What might be the political and economic impacts [of the March 11 earthquake and tsunami] on Japan?
Of course, there are not just economic implications, as an event like this is also profoundly political in its implications. The Japanese government had been very weak going into this vast catastrophe. So, will the nation's rival political parties be able to overcome their deep differences? It was expected that a general election would be held soon. That is now seems less likely. Yet the government cannot pass new spending plans without the support of the opposition. Indeed, the government has not yet even managed to pass the regular, annual budget for FY2011, let alone a new, and major supplementary budget to finance the rebuilding of the vast devastation along the Tohoku coast.
At best, there will be a hiatus in political infighting. And, Japan has seldom produced the best in the last few decades. The current government has been trying to reduce public works and pubic investment as part of an initial effort to reverse the debilitating trend in public finances. If it were to keep to that objective, that would mean big cuts in other parts of the budget (for example, social entitlements) in order to release funds for the rebuilding. But in such a precarious political situation, such cuts seem very unlikely.
So the result is very likely to be still substantially larger deficits for the next three to four years. This would surely drive total government debt to close to 250% of GDP by 2015. In this context, a more likely scenario is that vast pressure builds on the BOJ to sharply increase monetary expansion. That pressure will be further justified due to the "deflationary" impact of the crisis as for the next couple of quarters overall output will be lower.
What about Japan's energy needs?
About 5% of Japan's electricity generation capacity could be lost for good. They are filling some of these reactors with sea water (i.e., salt water), which means that they have basically given up on saving them as electricity production units. The salt will corrode them to such an extent that they cannot be of further use. The main object is to stop a meltdown from happening, at any cost. About a third of Japan's electricity comes from nuclear power. So far they have shut five reactors. These five produce about 20 percent of the country's nuclear energy.

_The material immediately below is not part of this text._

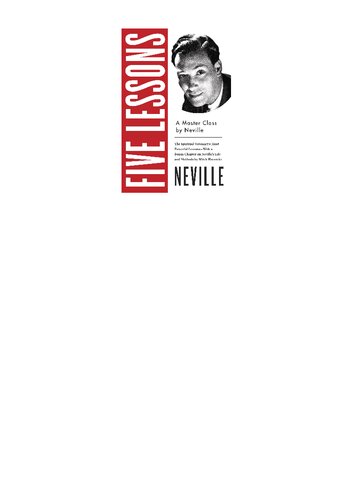 Five Lessons A Master Class By Neville Neville Goddard Mitch Horowitz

So that means about six to seven percent of the national electricity supply is now offline. Two refineries have also been shut, and ports in some areas are disrupted, so that will also have an impact. So let's guesstimate that eight to nine percent of total electricity is now offline. And it is likely to be off line for some time. Additionally, about two to four percent of other energy—oil, gas, coal—is also offline. So in total about 10 percent of capacity is currently offline. There will also have to be safety checks at all of the nuclear plants and work done to increase their resistance to future quakes. That will also make it difficult to increase supply any time soon.
Of course, the economy will not require as much energy immediately, as activity will be down. For the next few days, everyone will be checking for damage—car assembly lines, chemical plants, electronics plants, et cetera. But as production comes back on stream, there will be constraints on production for a period until new electricity supply can be brought back on stream.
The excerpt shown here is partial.